Here’s a list for you of things I’ve found that sophomores in particular should definitely know. Some of this is specific to my major (engineering mechanics).
“The flowsheet is a guideline, not a rule.” I have heard that many times. Let me clarify what it actually means. The flowsheet is basically a list of every class you need to take in order to graduate. However, if you have AP or transfer credit, or some special circumstance such as getting departmental approval to take different classes, then you won’t actually take every class on the flowsheet. Where the “guideline” part comes in is in the order that you take the classes. You have a lot of freedom here and do not have to follow the flowsheet exactly (of course, be aware of prerequisites and concurrent enrollment). You can consider the flowsheet a guideline for the order you take your classes, but a rule for what you need to take.
EM majors: For those trying to give themselves lighter loads, I recommend splitting up linear algebra and differential equations, since you don’t really need both in the same semester. You can also separate the two 8-week physics classes. TAM 324 and 335 do not necessarily need to be taken together as well.

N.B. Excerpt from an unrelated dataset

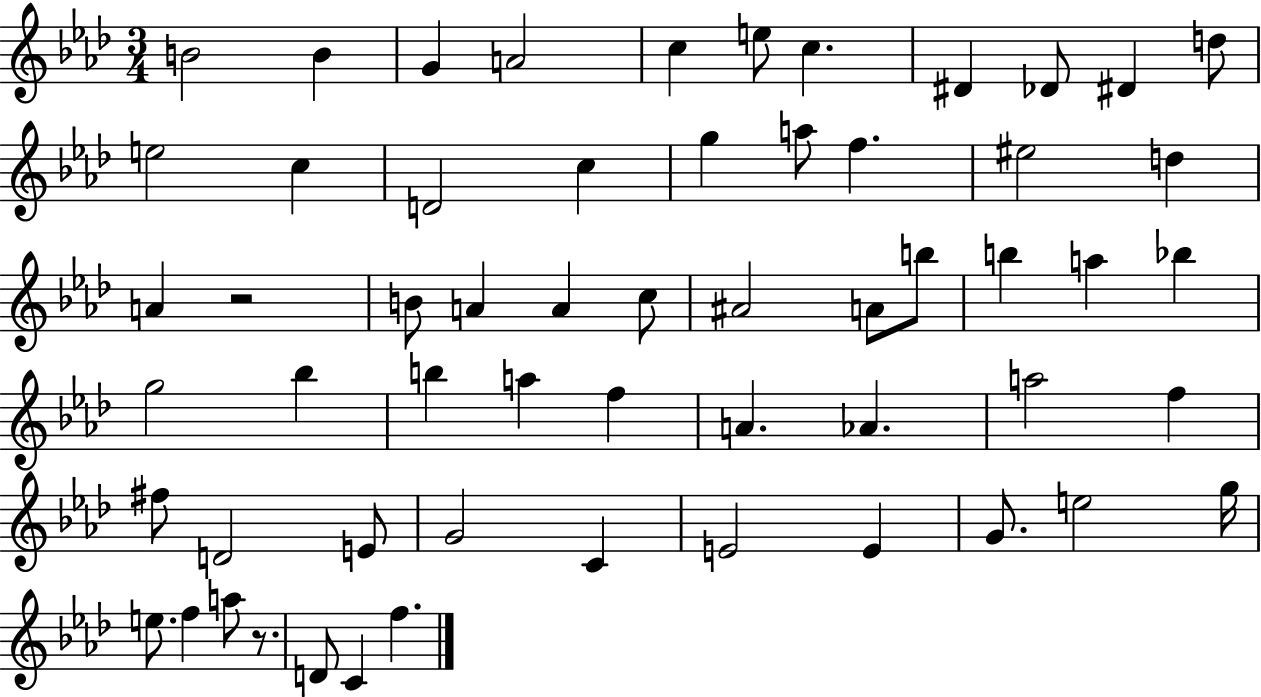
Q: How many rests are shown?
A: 2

Some classes can only be taken in a specific semester (unless exceptions apply). This is indicated by a letter next to the class name on the flowsheet. For mechanical engineering, these classes include ENG 100 and ME 390 (fall only), and for engineering mechanics, TAM 195 and 470 (fall only), and TAM 252, 302, 412, and 445 (spring only). You may need to plan ahead to make sure you will be able to take your required classes in the right semester in time to graduate at your desired time.
Check your DARS report. The DARS report can be really helpful because it lists all your classes, grades, GPA, etc. and gets updated regularly. It’ll tell you which requirements you still need to graduate, total hours you have, what your academic standing is. Go to https://registrar.illinois.edu/dars-audit, then click on DARS web for students.
Don’t forget about our undergrad office. If you have questions about classes, etc., you can either email your advisor or the undergrad office. When the time comes (usually sophomore or junior year), you will need to meet with an advisor from the undergrad office to plan your secondary field and design electives. If you don’t like your advisor, you can email the office to request a switch. Paperwork for secondary fields, independent studies, etc. can be found in the office (154 MEB) as well as on the website and need to be turned in to the office. Email mechse-ug-adviseillinois [dot] edu.
Couple other things:
Independent study credit can go toward your secondary field, even if you did your study before you started your secondary field classes/got your field approved.
If you receive a low D or failing grade in a class, you can retake it for grade replacement. This means that the new grade you receive will replace the current failing grade. If the class you received the low grade in is a graduation requirement, this is mandatory.